I have a similar problem. The couple of inches (vertical) at the bottom corners of the door has a gap big enough for mice to easily get through. Granted, it is great entertainment for the cats as they are now allowed into the garage, but troublesome for me as the mice get into the food boxes before the cats can get to the mice.


----------



## dutchman 46 (May 23, 2007)

I would pick up the wide overhead door weather strips. i believe they come in a roll. If the bottom of the door has nothing, you can get them in the 8,14, and i believe 16 footers. Adjust the doors so that they are set in the opening centered, and it should be near vertical in the opening, if yours are not. The door, when it is setting about half Way up, it should stay without closing, or going up all the way. adjust all panels that are sitting on top of each other, when the door is down. All the gaps should be adjusted out. now, you can put the door weather strips up, so they are nice and with a little pressure on the doors. if to tight, the door will bind. after moving about 8 inches up, the pressure should be almost off. Remember, the door is straight, but it moves in as it goes up. I am sure i forgot something that others will remember to tell you, Hope it helps.
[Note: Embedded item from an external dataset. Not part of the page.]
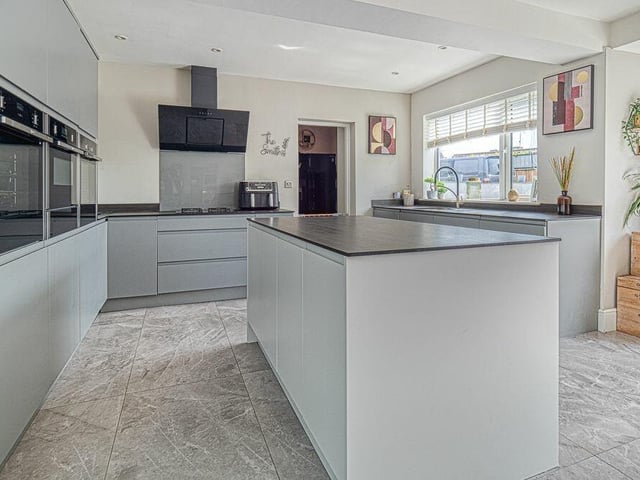 The kitchen features two integrated electric ovens, a microwave, dishwasher, sink, drainer and mixer taps, LED spotlights, a central island and a range of storage cupboards.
Welcome Alan, and would you add your name and where your from on your profile. thanks


----------



## nav144 (Jul 22, 2009)

Hi All,

Thanks for the comments, I decided to overcome the problem by changing the doors to the roller blind variety, not so windy now and I don't keep hitting my head on the partially opened door!!!! If funds are available I recommend the change.

Regards, Alan


----------